Um ADN cooperativamente na qualidade inibir região ( 468-510 resíduos) foi identificado em C-terminal do factor de transcrição Ets-1 [34]. No caso dos factores de transcrição do MTC e PEA3, dois domínios principais localizados em N- e C-terminal em relação ao seu domínio ETS- inibir a afinidade de ligação de ADN [35] – [38]. Um domínio corresponde ao resíduo resíduos 280-360 do factor de transcrição, MTC envolvidos na inibição da capacidade de ligação ao ADN do MTC. Estes domínios são ricos em resíduos de prolina em geral estruturas a-helicoidal desprovidos. O mecanismo pelo qual os dois domínios de ligação ao ADN inibem cooperativamente MTC é diferente do que o observado no caso do factor de transcrição Ets-1. A actividade de ligação do ADN de domínio Ets é dependente módulo autoinhibitory [39]. A afinidade de ligação do domínio Ets Ergp55 para E74 e cfos promotor de ADN foi consistente com a observação obtida no caso de factores de transcrição acima.

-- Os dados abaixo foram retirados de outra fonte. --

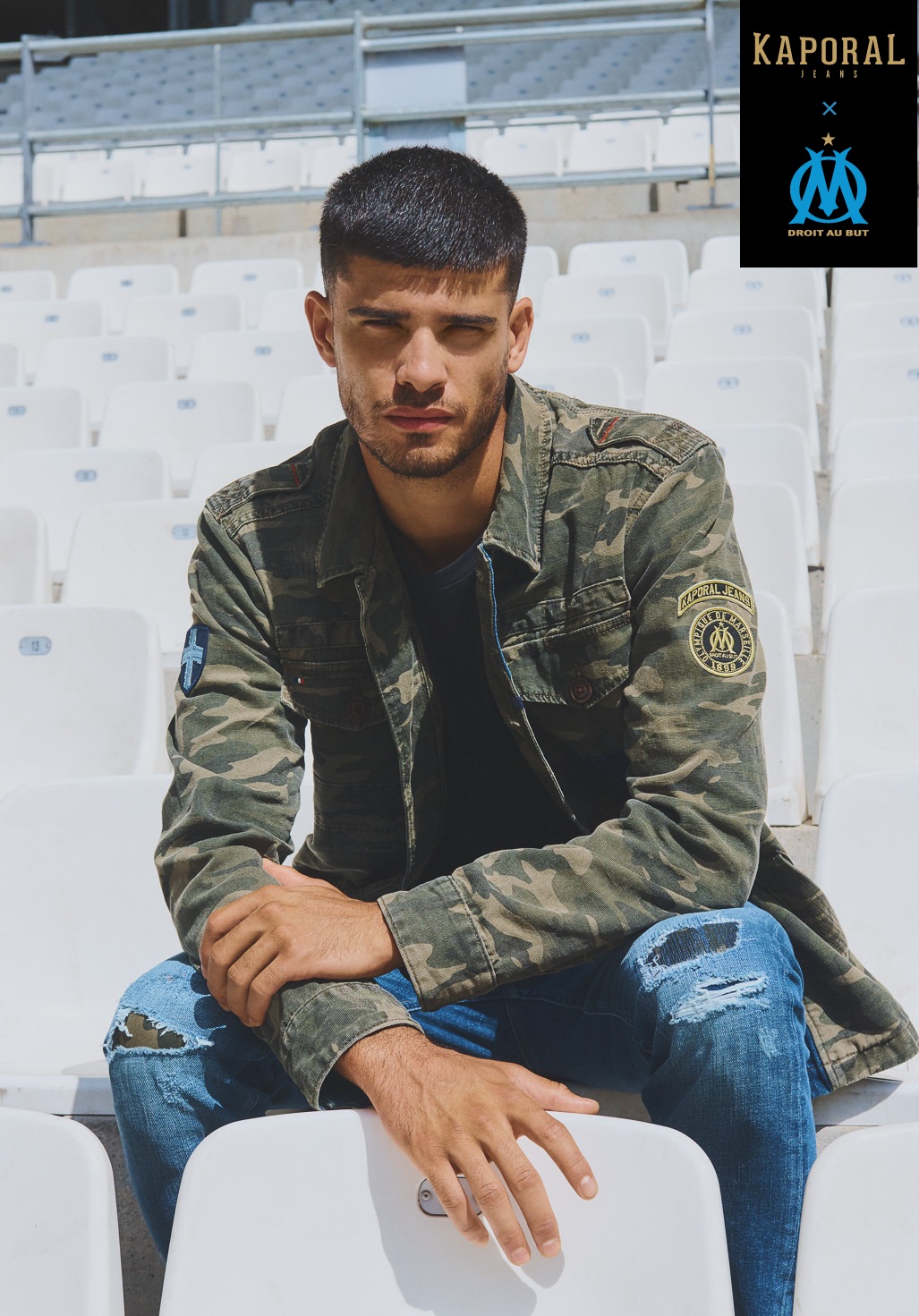 Veste militaire kaporal best sale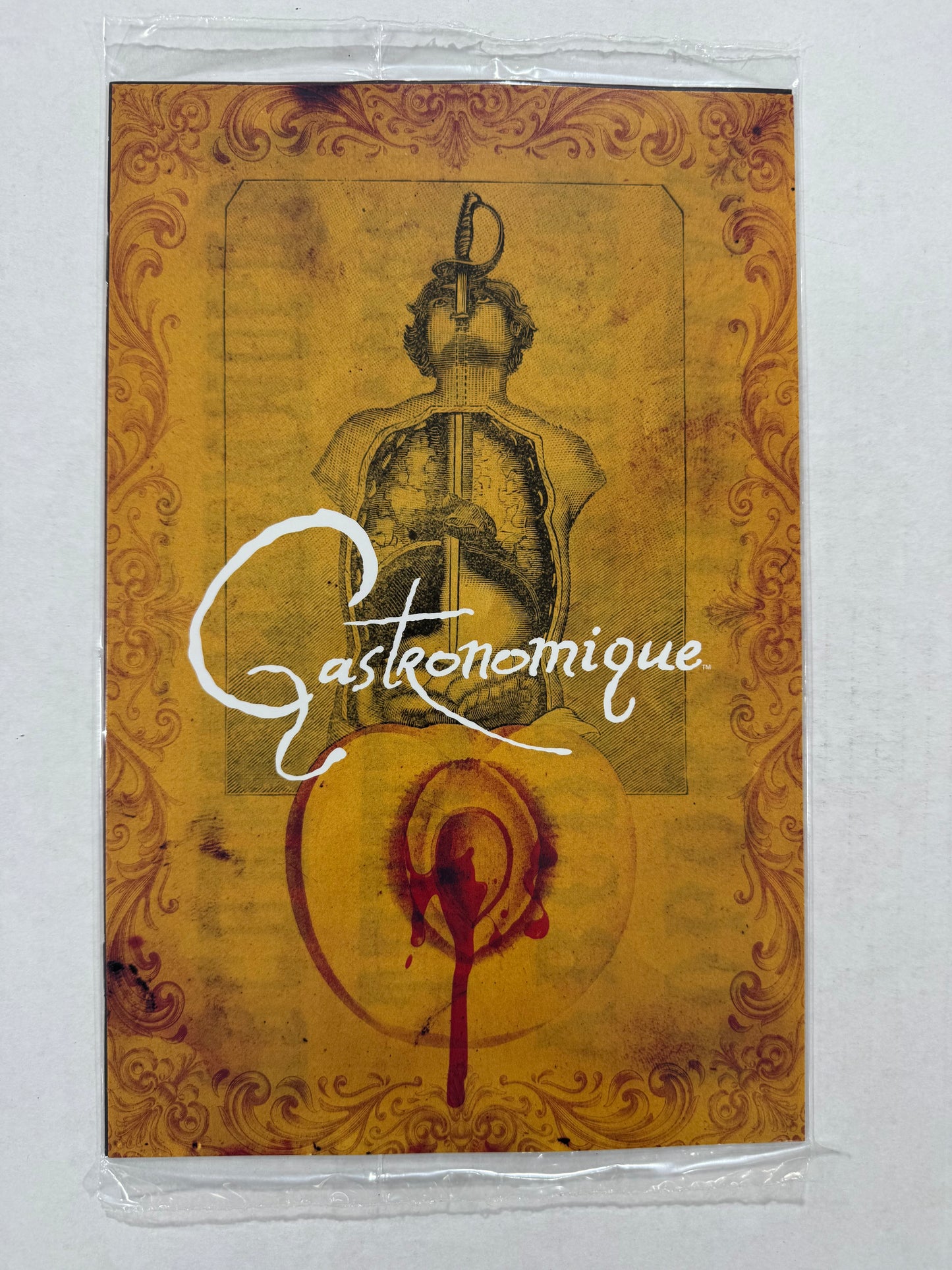 GASTRONOMIQUE #1 NM Cover C Jenny Frison NSFW Variant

análise dichorism circular de polipéptidos Ergp55.

A técnica foi dichorism circular utilizado para identificar as estruturas secundárias e terciárias de polipéptidos Ergp55. O comprimento total e polipéptidos Ergp55 menores conter alta α-helicoidal e estruturas helicoidais aleatórios. Os dados CD estima 35% α-hélice e 49% estruturas helicoidais aleatória em proteínas Ergp55 comprimento total. Exames de estabilidade térmica e efeito da temperatura sobre a proteína Ergp55 comprimento completo indicaram que a proteína foi submetido a uma alteração da estrutura secundária após o aquecimento. A estrutura secundária é recuperada após arrefecimento da proteína de 80 ° C a 20 ° C. mudança curta da temperatura é improvável que tenha qualquer efeito sobre a estrutura secundária da proteína Ergp55.

Modelagem e Simulação computacional de corpo inteiro Ergp55.

A análise modelagem e simulação de dinâmica molecular indicou que comprimento total Ergp55 adquire uma estrutura flexível e altamente alongada. Somente os domínios PNT e ETs estão estruturados em proteínas e regiões flexíveis longas são observados em N- e C- terminal de Ergp55. A estrutura do domínio de PNT Ergp55 consiste de quatro hélices feixe Sam como a estrutura (34). O domínio Ets de Ergp55 está estruturado de uma hélice-volta-hélice voado com α esquema

1β

1β

2α

2α

3β

3β

4α

4 [40] – [41]. Os domínios /CD centrais CAE conter uma pequena hélice na posição 220. A análise de previsão secundário e desordenada em Ergp55 também apoiou a constatação observada em modelagem e simulação dinâmica de estudos de Ergp55. Todas estas observações apoiou a, não-globularity flexível e estrutura altamente alongada de proteína Ergp55.

Em conclusão, caracterizamos o comprimento total recombinante e polipeptídeos menores de Ergp55 produzido em

E.

coli. Os polipeptídeos foram purificados Ergp55 maior do que 95% de pureza tal como determinado por espectrometria de massa e análise de SDS-PAGE. Os dados estruturais aqui apresentadas demonstraram a evidência de estrutura flexíveis e altamente alongada de proteína Ergp55 comprimento completo. A análise de ligação utilizando sequências de ADN de E74 e CFOs promotores indicam que mais fragmentos de Ergp55 (além do domínio Ets canônica) mostrou a evidência de autoinibição.

Reconhecimentos

Os autores agradecem Sita R. Meena e Pratibha por suas sugestões em projeto atual. Reconhecemos a ajuda de instalação de instrumentação avançada de pesquisa (AIRF) e facilidade de instrumentação central (CIF) da Universidade de Jawaharlal Nehru por nos permitir conduzir o experimento CD. Os autores agradecem a instalação de equipamentos de SPR de AIIMS, Delhi por nos permitir conduzir a experiências de ligação DNA.